More precisely, with respect to human capital, individuals with high levels of education should find it easier to adapt to changing climatic conditions and, thus, gradual/long-term climate events do not significantly influence their decision to leave. Staying, in this scenario, then indicates voluntary immobility. Note that this is independent of the general propensity to migrate. While more educated individuals are generally more likely to migrate, this is independent of the type of climate event (Bohra-Mishra et al., 2017; Gray & Mueller, 2012). Hence, better educated individuals might be more likely to migrate per se; yet, in the presence of gradual/long-term climate events, we should not observe any difference. In contrast, those with low levels of education are likely to find it harder to adapt to gradual climate events.

With respect to financial capital, it is both the type of profession and wealth that determine whether people stay or migrate. Gradual/long-term climate events are more likely to have a greater impact on people who depend on natural and agricultural resources for their livelihood (Thiede & Gray, 2017; Field et al., 2012).
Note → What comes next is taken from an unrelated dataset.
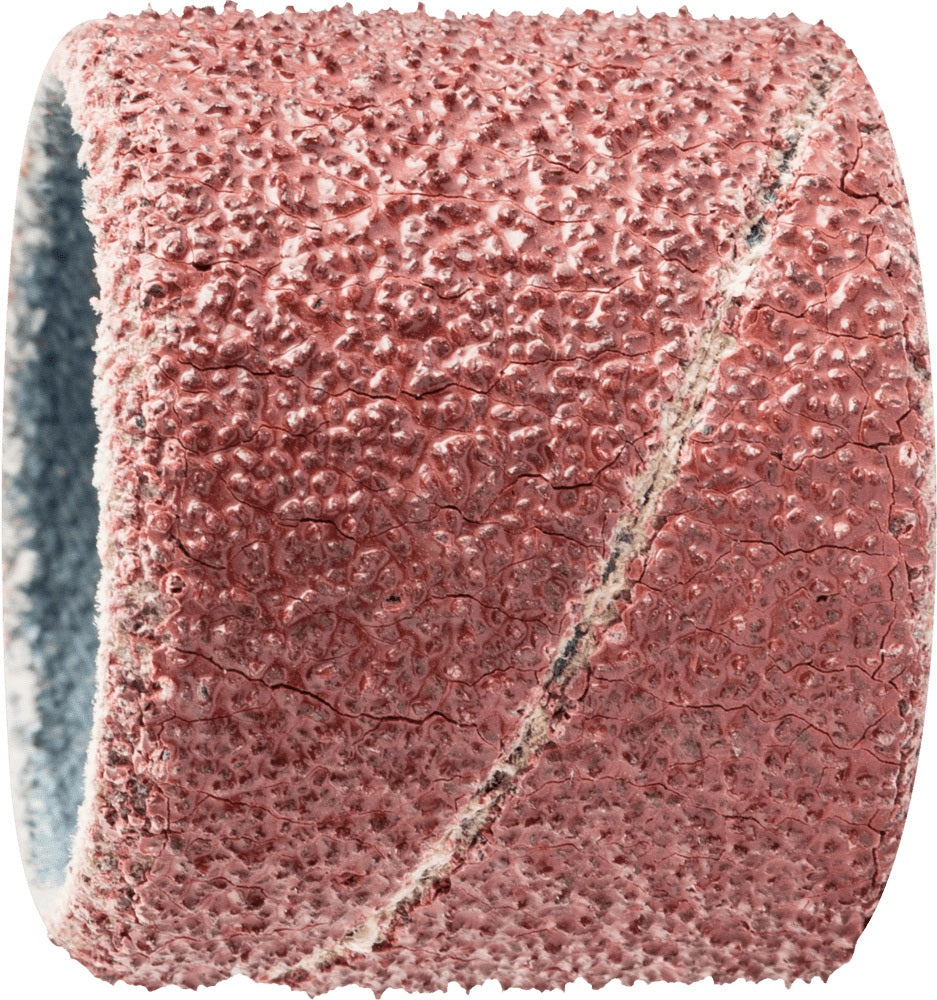 PFERD Schleifhülse 10x20 mm Korund A Körnung 60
Consequently, farmers and salesmen of farm/forest products may be the most likely to leave. This implies that the opportunity cost for moving decreases and, eventually, is relatively lower in comparison to other professions. Recent studies provide evidence that climatic changes increase the likelihood of migration via a reduction in agricultural yields in the Philippines (Bohra-Misha et al., 2017), India (Dallmann & Millock, 2017; Viswanathan & Kumar, 2015), Pakistan (Mueller et al., 2014), and Tanzania (Kubik & Maurel, 2016). Finally, while wealthy individuals are able to relocate, wealth can still help them to withstand economic hardship and adapt in the presence of long-term climate events (McLeman & Smit, 2006).
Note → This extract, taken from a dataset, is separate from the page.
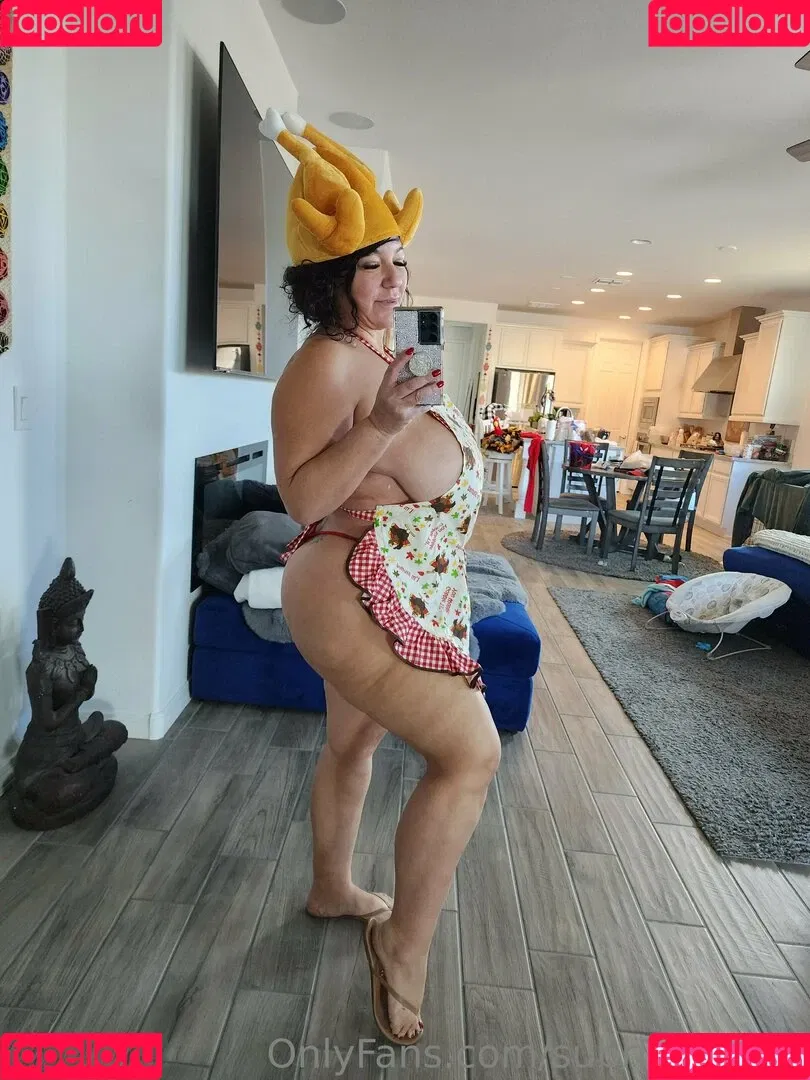 Subrina Lucia Onlyfans Photo Gallery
To recap, we identify involuntary immobility in the context of sudden/short-term climate events if certain sub-populations with low individual capacities stay, since we generally expect a uniform reaction by all types of individuals to move in the presence of these events (path B in Fig. 1). Similarly, in the case of gradual/long-term events, those who are adversely affected and do possess lower adaptive capacities are less likely to migrate. This also constitutes evidence for involuntary immobility (path A1 in Fig. 5). However, people with stronger adaptive capacities are better able to deal with gradual climatic changes and, hence, we observe voluntarily immobile in this case (path A2 in Fig. 1).

Research design

Survey overview

For the empirical analysis, we use cross-sectional survey data with the individual respondent as the unit of analysis. The data include both non-migrants and migrants who originally come from the same area experiencing a particular climate event (N = 3689 of which 1835 are non-migrants and 1854 are migrants). The individual-level surveys were conducted in five developing countries, namely Vietnam, Cambodia, Uganda, Nicaragua, and Peru between August 2013 and August 2014. We explicitly chose regions within each country that had experienced at least one particular climate event classified either as sudden/short-term or gradual/long-term event. We used the same survey instruments in each country. Interviews were conducted face-to-face in local languages by native interviewers, lasted for about 30 min, and included both closed and open-ended questions pertaining to respondents’ experience with climate events as well as personal and household information. Table 1 gives an overview of survey locations and provides additional information, while Table 2 presents descriptive statistics by country for all variables we introduce in the following.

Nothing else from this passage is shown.